A new point on the nine-point circle II

Take vertex $A$ of triangle $ABC$ , together with the orthocenter $H$ of the triangle, and our new point $W$ with coordinates

(1) $\begin{equation*} \begin{split} x&=\frac{x_1y_1(x_3-x_2)+x_2y_2(x_1-x_3)+x_3y_3(x_2-x_1)}{x_1(y_2-y_3)+x_2(y_3-y_1)+x_3(y_1-y_2)}\\ y&=\frac{x_1y_1(y_2-y_3)+x_2y_2(y_3-y_1)+x_3y_3(y_1-y_2)}{x_1(y_2-y_3)+x_2(y_3-y_1)+x_3(y_1-y_2)} \end{split} \end{equation*}$

then the resulting triangle $AHW$ has the following property: the slopes of its sides form a geometric progression. Same with vertices $B$ and $C$ as well as the corresponding triangles $BHW$ and $CHW$ (examples 6 and 10). This construction works for all triangles, except those triangles with one side parallel to the $x$ or $y$ axis.

Rigid transversals

If we draw three line segments from $W$ to each of the three vertices $A,B,C$ of any triangle $ABC$ , then the line segments $AW,BW,CW$ either all make acute angles with the $x$ -axis or all make obtuse angles with the $x$ -axis. See example 2 below.

In $\triangle ABC$ , let $m_1,m_2,m_3$ be the slopes of sides $AB,BC,CA$ , respectively.

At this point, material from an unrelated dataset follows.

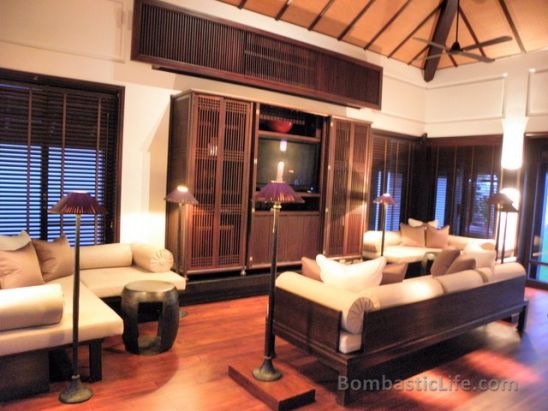 Living Room of Pool Villa at The Nam Hai Resort in Hoi An, Vietnam.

PROVE that the slopes of the line segments $AW, BW, CW$ are $\frac{m_1m_3}{-m_2}$ , $\frac{m_1m_2}{-m_3}$ , $\frac{m_2m_3}{-m_1}$ , in that order.

Let the coordinates of the vertices be $A(x_1,y_1)$ , $B(x_2,y_2)$ , and $C(x_3,y_3)$ . With $W$ as in equation (1), we can calculate the slope of $AW$ (those of $BW$ and $CW$ are similar).

$\begin{equation*} \begin{split} \Delta x&= \frac{x_1y_1(x_3-x_2)+x_2y_2(x_1-x_3)+x_3y_3(x_2-x_1)}{x_1(y_2-y_3)+x_2(y_3-y_1)+x_3(y_1-y_2)}-x_1\\ &=\frac{(x_1-x_2)(y_2-y_3)(x_3-x_1)}{x_1(y_2-y_3)+x_2(y_3-y_1)+x_3(y_1-y_2)}\\ \Delta y&=\frac{x_1y_1(y_2-y_3)+x_2y_2(y_3-y_1)+x_3y_3(y_1-y_2)}{x_1(y_2-y_3)+x_2(y_3-y_1)+x_3(y_1-y_2)}-y_1\\ &=\frac{(y_1-y_2)(x_2-x_3)(y_1-y_3)}{x_1(y_2-y_3)+x_2(y_3-y_1)+x_3(y_1-y_2)}\\ \therefore \textrm{slope of AW}&=\frac{\Delta y}{\Delta x}\\ &=\frac{(y_1-y_2)(x_2-x_3)(y_1-y_3)}{(x_1-x_2)(y_2-y_3)(x_3-x_1)}\\ &=\frac{y_1-y_2}{x_1-x_2}\times\frac{y_1-y_3}{x_3-x_1}\times\frac{x_2-x_3}{y_2-y_3}\\ &=m_1\times (-m_3)\times\frac{1}{m_2}\\ &=\frac{m_1m_3}{-m_2} \end{split} \end{equation*}$

The placement of the negative sign beside $m_2$ was deliberate: to make it easy to remember the formula for the slope of $AW$ as well as those of $BW$ and $CW$ . Here’s how it works: the slope of $AW$ is the product of the slopes of the two sides ( $AB$ and $AC$ ) that originate from vertex $A$ divided by the negative of the slope of the side opposite vertex $A$ (side $BC$ ).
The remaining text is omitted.